Expanded Access Programs (EAPs) allow patients with serious or life-threatening conditions to obtain investigational treatments outside of the clinical trial setting. Because they are not formal clinical trials, EAPs do not require as much data to be collected and submitted to regulatory agencies. Basic safety data is all that is required.
However, many Sponsors consider collecting additional, Real-World Data (RWD), to submit alongside clinical trial data to help support regulatory decision making, or to use internally to help inform future clinical development efforts.
When collecting RWD it is important to monitor this data to ensure it provides accurate and reliable insight. This is where WEP’s Clinical Research Associates (CRAs) come in. Our role is multifaceted and involves collaboration with many key stakeholders. Below I have outlined our main activities, to highlight the importance of a strong Clinical Monitoring team, when collecting data in an EAP.

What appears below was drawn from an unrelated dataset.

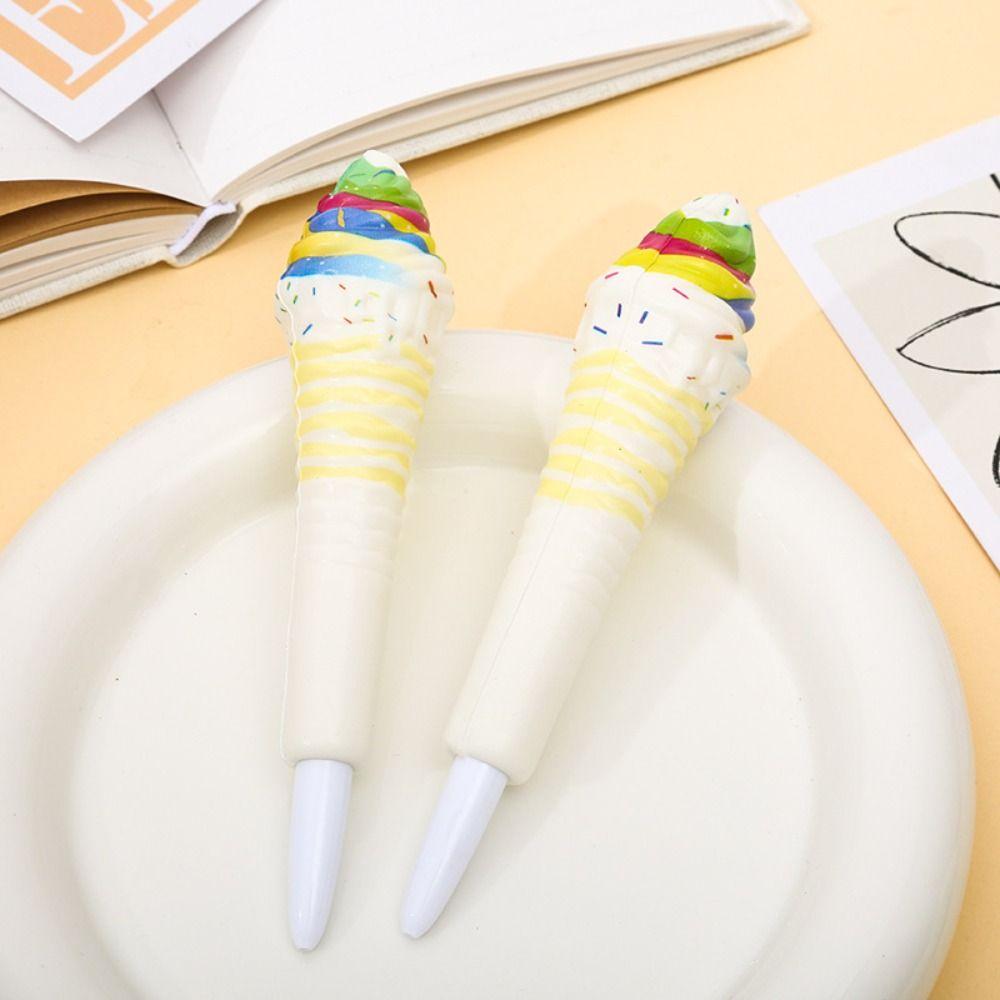Ballpoint Pen Pinch Bounce Pen Ice Cream Squeeze Sensory Toy Pen Cute Soft Gel Pen  Office School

Collaborate with stakeholders – including the Sponsor, cross-functional WEP Leads, and Regulatory Bodies – to ensure appropriate data collection and monitoring processes are established.
- When a Sponsor decides they want to collect RWD, our first task is to educate them on what kind of data can be collected, the methods for doing so, and the country-specific monitoring regulations.
- This allows us to ensure the Sponsor’s data collection plan follows regulatory guidelines (e.g., FDA, EMA, MHRA) for EAPs.
- We ensure that the data to be collected aligns with the protocols and requirements, as each EAP is unique.
- We recognize that, just as each EAP is unique, each site and country also differs, with varying processes and regulations.
Work with Sites to ensure data collection is consistent across sites
- EAPs often involve multiple clinical sites with Site Staff (e.g., Healthcare Providers, Clinical Research Coordinators, Regulatory Specialists, Nurses, etc.) who have varying levels of expertise in clinical research.
- At the outset, we train Healthcare Providers and their Site Staff on data collection and reporting procedures for the EAP, ensuring that every Site Staff member across all sites understands their responsibilities.
- Throughout the EAP, we consistently engage with Site Staff to identify any missing, incomplete, or inconsistent data. We understand how busy Site Staff can be and approach them with compassion and proactive collaboration.
- We work to resolve discrepancies and ensure issues are addressed, collaborating with the Site to implement corrective actions and prevent recurring challenges.
Use our technology and systems to ensure data integrity and reliability throughout the EAP
- We are responsible for confirming that the data entered into the electronic data capture (EDC) systems or paper case report forms (CRFs) or matches the patient’s original source documents.
- We implement checks and procedures to verify that the data being reported is accurate, complete, and reliable. These validation processes help ensure the quality and correctness of the information being collected.
- If we identify any potential issues or inconsistencies within the data, we ensure timely intervention to maintain the reliability of the collected data.
Conclusion
We hope the outline demonstrates the crucial role that the Clinical Monitoring team serves at WEP. We help ensure that all patient data is reliable, regulatory-compliant, and supports safety assessments, ultimately contributing to better decision-making for both the Sponsors and Regulatory Bodies.